▸ **What the task asks**: In the records below, find the line with "2016年 SKODA斯柯達 RAPID", then retype it and every following line exactly, stopping after the line with "O bucată 245/45". Leave the pictures out.

▸ **Data listing**:
····················
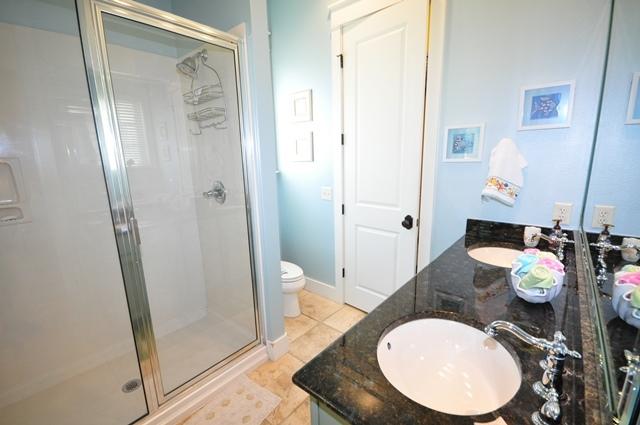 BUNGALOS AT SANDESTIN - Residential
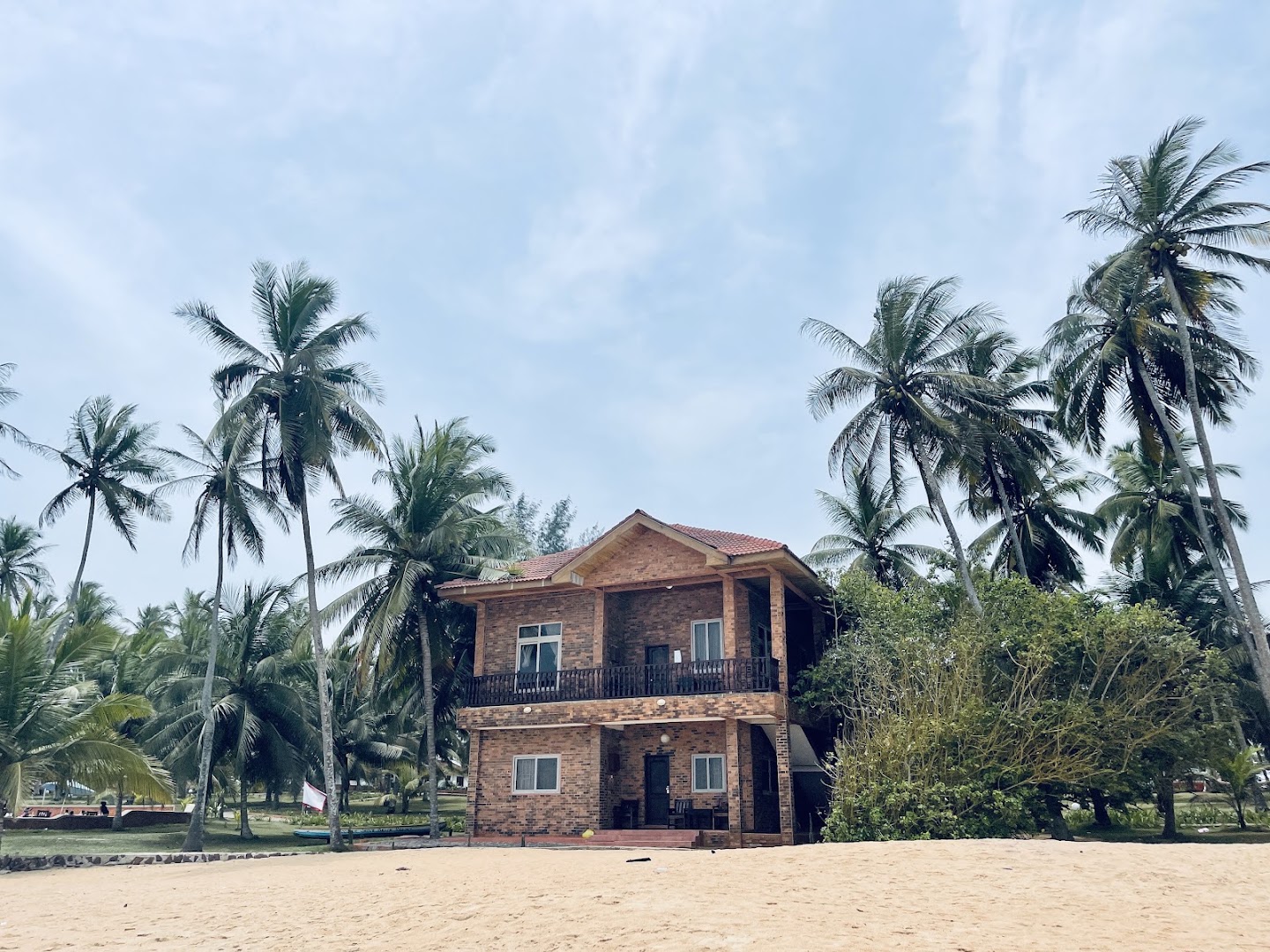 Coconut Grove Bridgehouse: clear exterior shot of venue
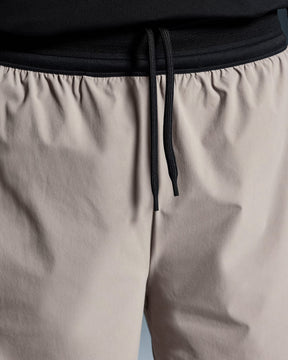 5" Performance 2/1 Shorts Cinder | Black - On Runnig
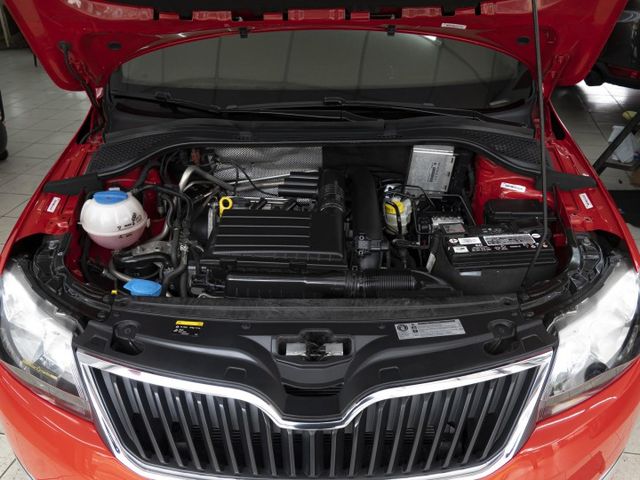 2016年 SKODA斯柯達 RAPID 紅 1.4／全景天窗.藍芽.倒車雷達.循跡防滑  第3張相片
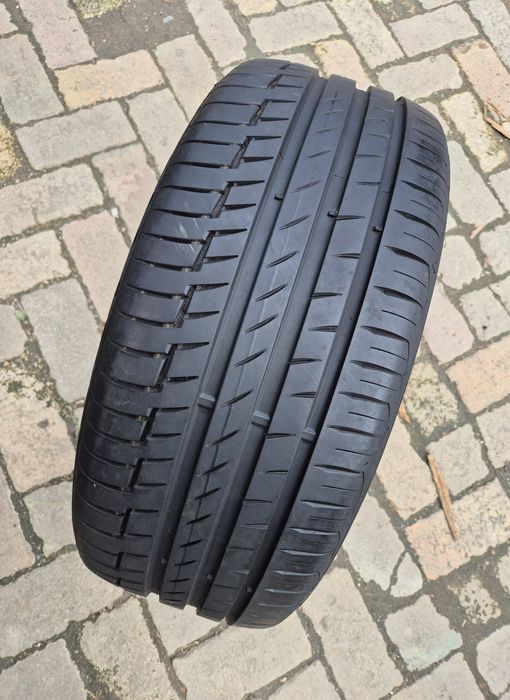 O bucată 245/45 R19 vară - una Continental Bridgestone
····················
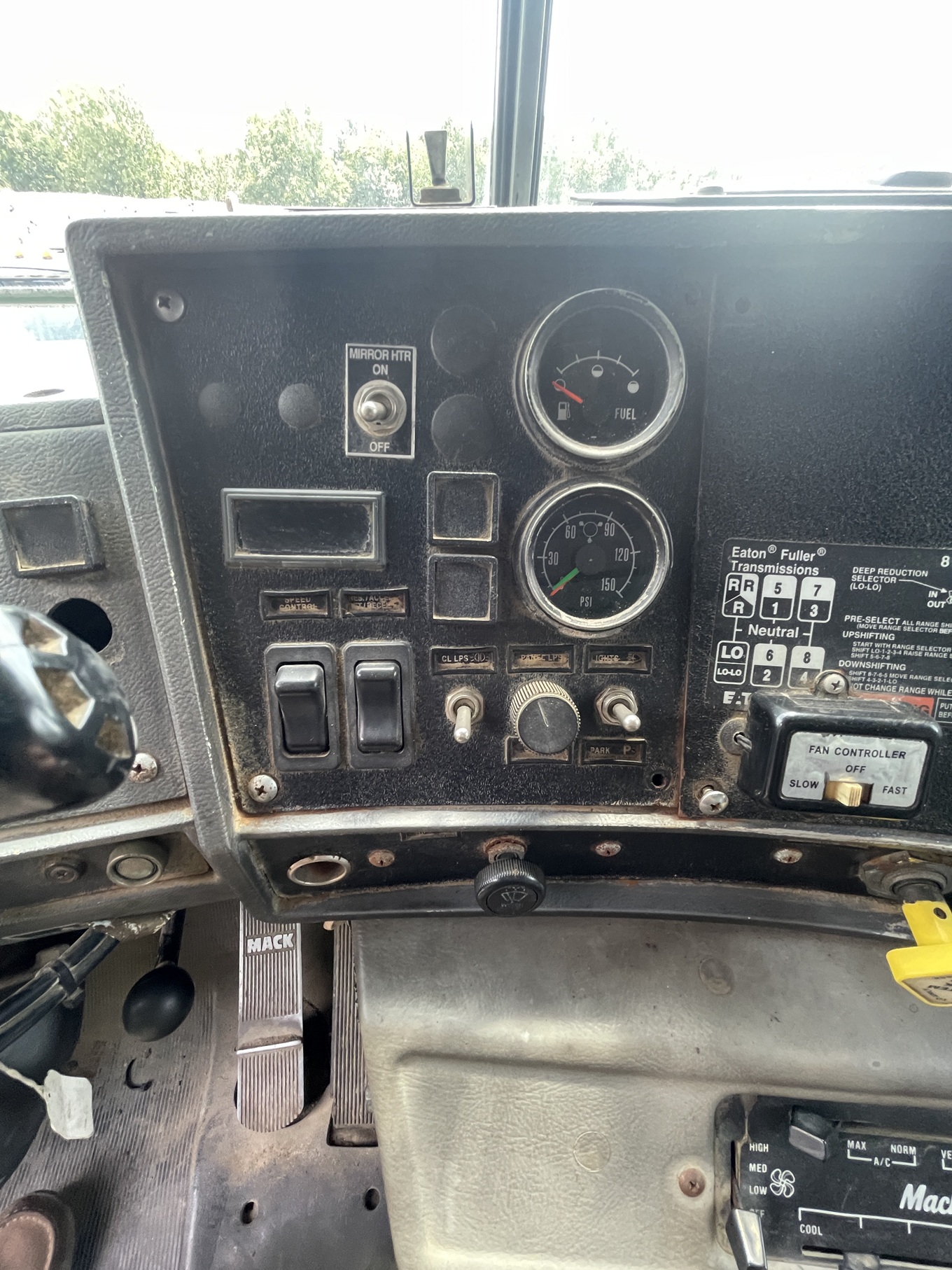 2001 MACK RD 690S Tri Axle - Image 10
····················
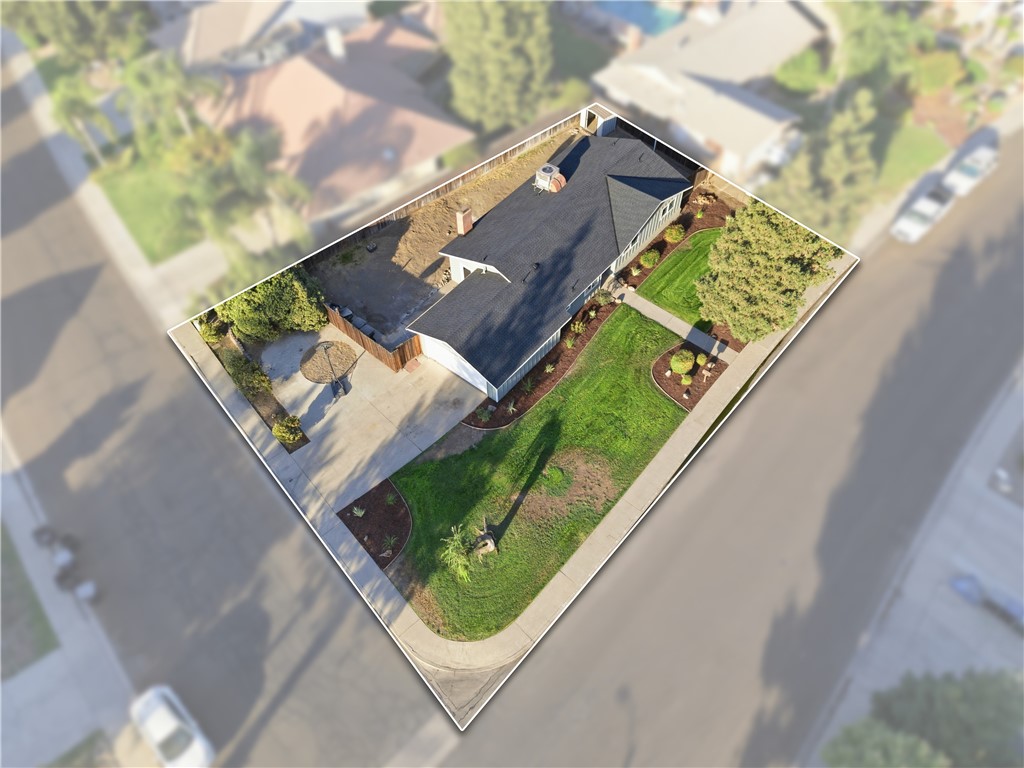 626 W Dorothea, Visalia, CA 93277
····················
▸ **Answer space**:
 2016年 SKODA斯柯達 RAPID 紅 1.4／全景天窗.藍芽.倒車雷達.循跡防滑  第3張相片
 O bucată 245/45 R19 vară - una Continental Bridgestone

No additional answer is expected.